* RECORDS FOR THE TASK *
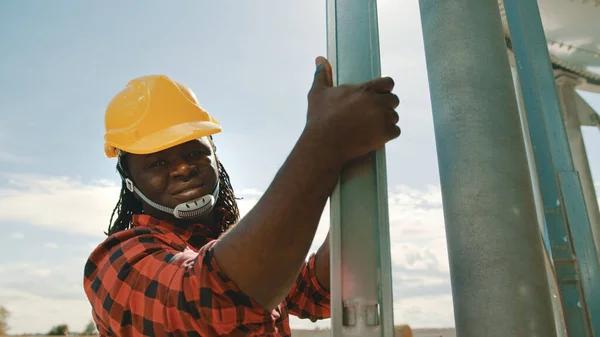 Afrikai fekete ember mérnök mászik a leders of the silio rendszer — Stock Fotó
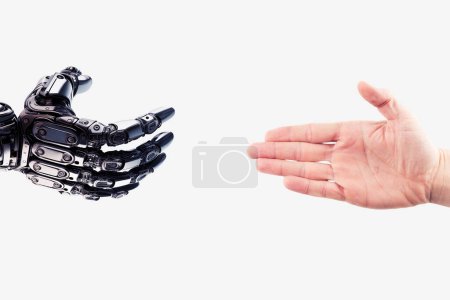 Robot hand reaches out to the human hand. Handshake of a cyborg and a man. Technology concept. Friendship between a robot and a human tote bag #645246472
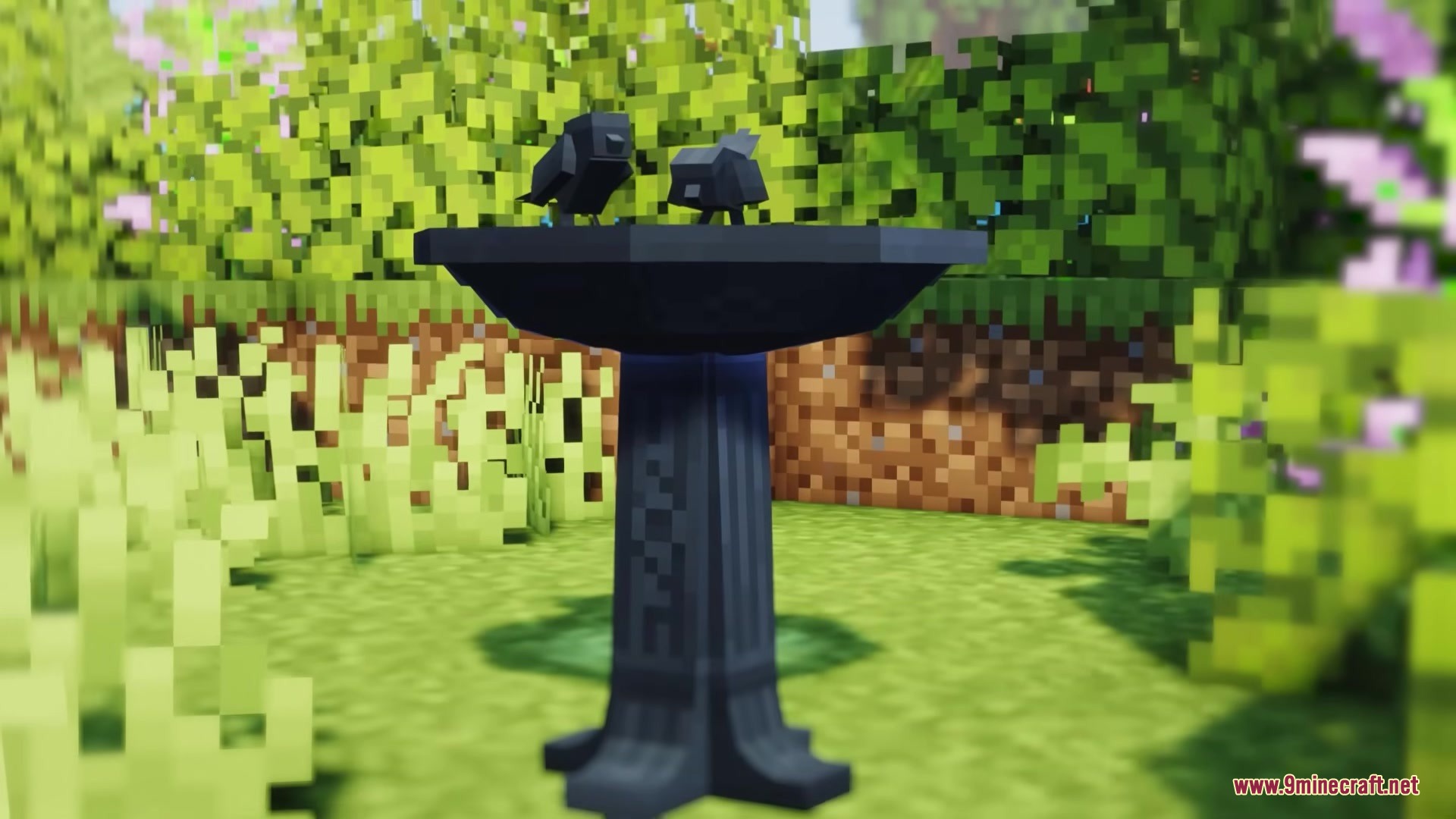Two small birds perched on a dark birdbath from the Deconature Mod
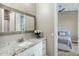 Well-lit bathroom with granite counters, white cabinets, and a decorative mirror with a view to another bedroom at 19575 E Vallejo St, Queen Creek, AZ 85142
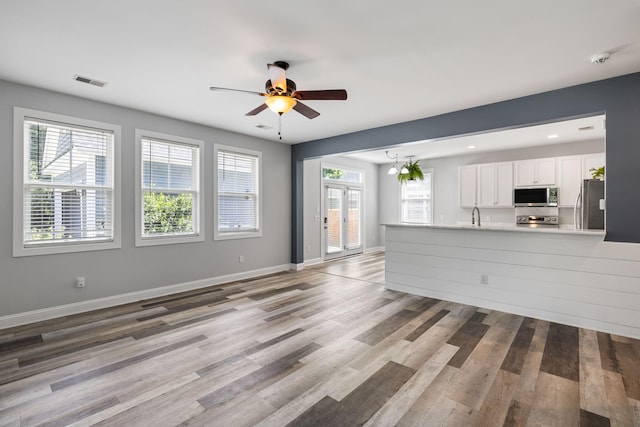 1070 Moss Grove Dr, Moncks Corner, SC 29461 - unfurnished living room featuring a ceiling fan and wood finished floors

* THE PROBLEM *
Please transcribe exactly the lines from the one containing "Robot hand reaches" through the final line of the data, including both, and nothing else. Pictures are to be left out.

* RESPONSE AREA *
 Robot hand reaches out to the human hand. Handshake of a cyborg and a man. Technology concept. Friendship between a robot and a human tote bag #645246472
Two small birds perched on a dark birdbath from the Deconature Mod
 Well-lit bathroom with granite counters, white cabinets, and a decorative mirror with a view to another bedroom at 19575 E Vallejo St, Queen Creek, AZ 85142
 1070 Moss Grove Dr, Moncks Corner, SC 29461 - unfurnished living room featuring a ceiling fan and wood finished floors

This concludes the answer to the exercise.